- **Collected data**

--

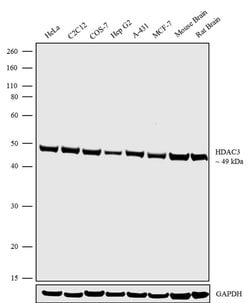 HDAC3 Recombinant Rabbit Monoclonal Antibody (8H2L16):Antibodies, Recombinant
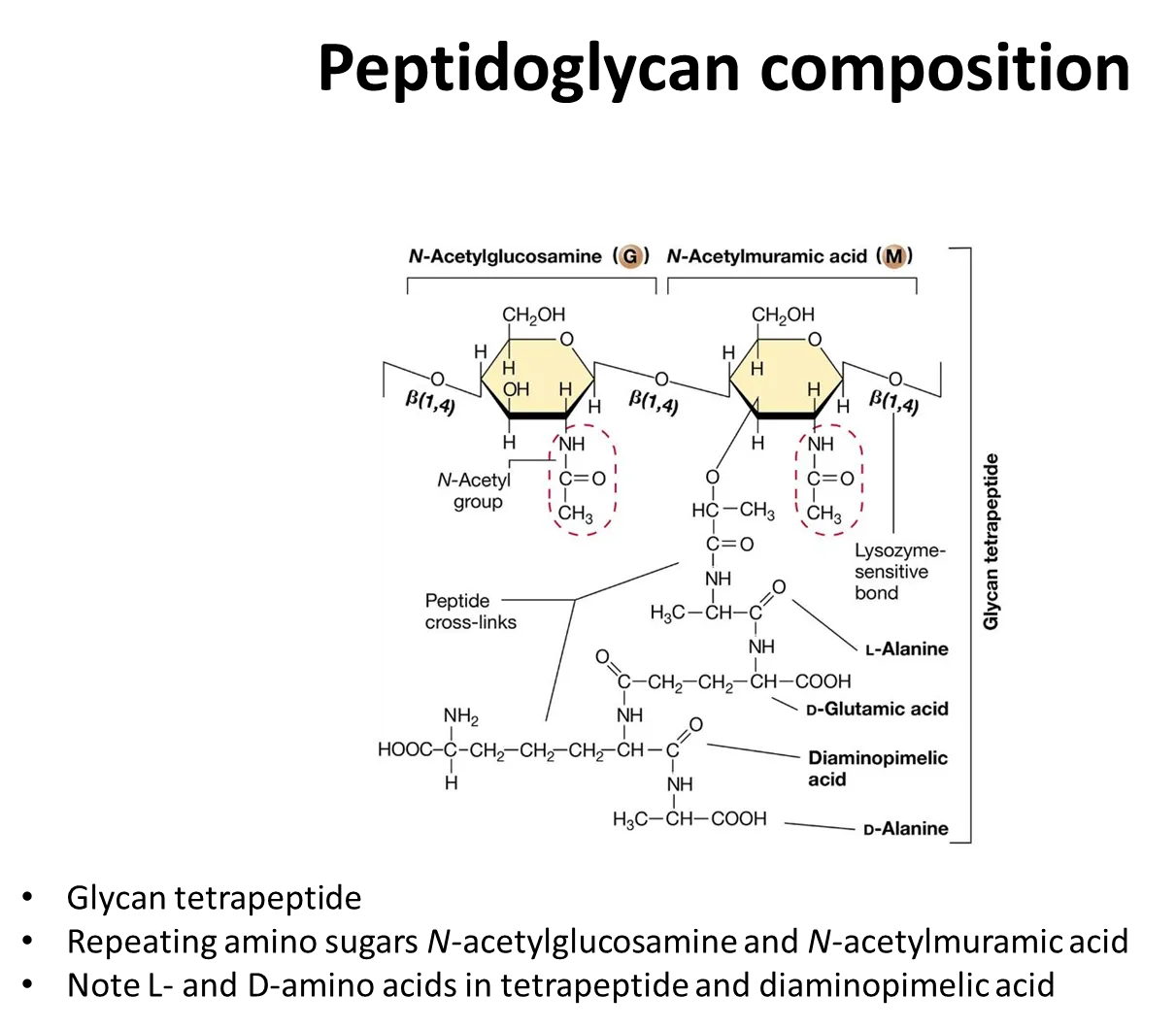 <ul><li><p>the sugar backbone is composed of <strong>alternating </strong>monomers of <strong>N-acetylglucosamine and N-acetylmuramic acid </strong>(modified glucose residues) joined by a beta-1,4 linkage</p></li><li><p>a short <strong>peptide side chain </strong>is attached to<strong> N-acetylmuramic acid</strong>- the amino acids vary between species</p></li><li><p>strands of peptidoglycan <strong>cross-link</strong> by <strong>peptide </strong>bonds&nbsp;between the amino acids in these peptide side chains</p></li></ul><p></p>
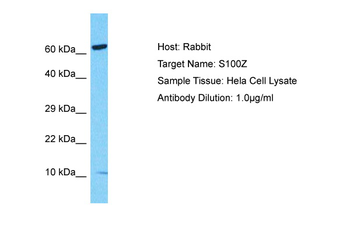 S100Z Rabbit Polyclonal Antibody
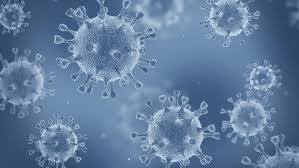 Transport anglia scotia colete va mulțumim ca ati ales servicile noastre! Noua TulpinÄƒ De Coronavirus Din Marea Britanie Ce Se È™tie PanÄƒ Acum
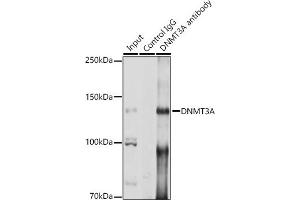 anti-DNA (Cytosine-5-)-Methyltransferase 3 alpha (DNMT3A) (AA 500-700) antibody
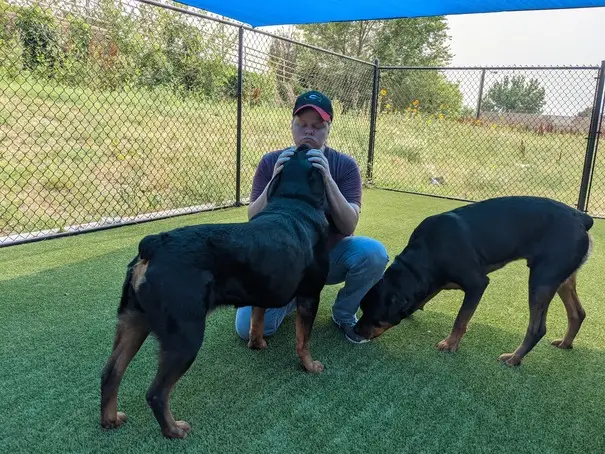 Dr. Julie Adams playing with a few of her Rottweiler patients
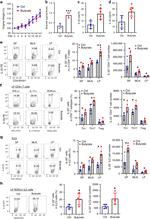 IL-22 Antibody in Flow Cytometry (Flow)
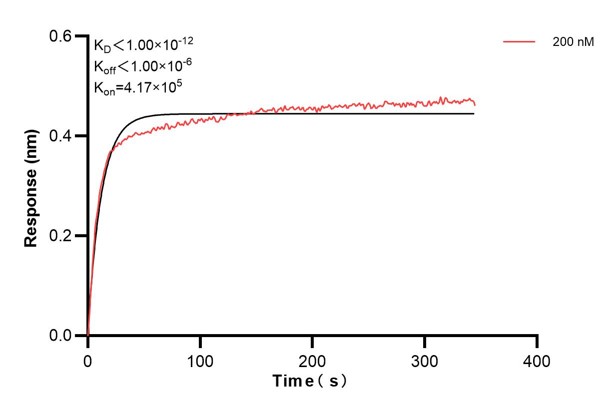 Biolayer interferometry (BLl) kinetic assays of <a class='green' href='/productredirect?CatalogNo=68910-3-Ig' target='_blank'>68910-3-Ig</a> against Human CCDC46 were performed. The affinity constant is below 1 pM. against Human NME1 were performed. The affinity constant is 39.5 nM. Affinity and Kinetic Characterization of 68910-3-PBS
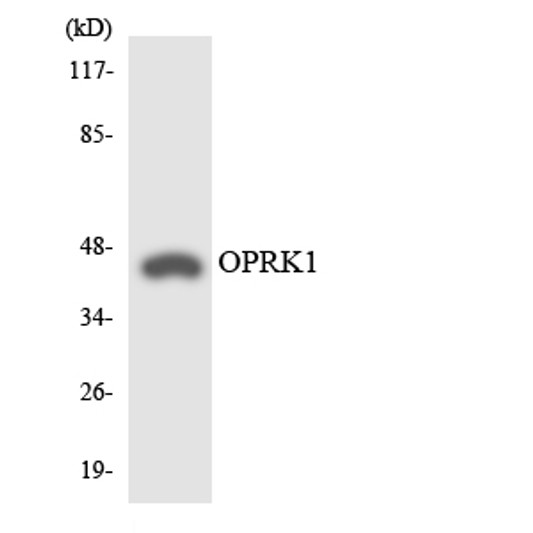 Western blot analysis of the lysates from HeLa cells using OPRK1 antibody.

--

- **PROBLEM REQUIREMENTS**
Beginning with the line that contains "Dr. Julie Adams" and ending with the last line of the data, restate each line word for word. Exclude the pictures.

- **ANSWER SECTION**
 Dr. Julie Adams playing with a few of her Rottweiler patients
 IL-22 Antibody in Flow Cytometry (Flow)
 Biolayer interferometry (BLl) kinetic assays of <a class='green' href='/productredirect?CatalogNo=68910-3-Ig' target='_blank'>68910-3-Ig</a> against Human CCDC46 were performed. The affinity constant is below 1 pM. against Human NME1 were performed. The affinity constant is 39.5 nM. Affinity and Kinetic Characterization of 68910-3-PBS
 Western blot analysis of the lysates from HeLa cells using OPRK1 antibody.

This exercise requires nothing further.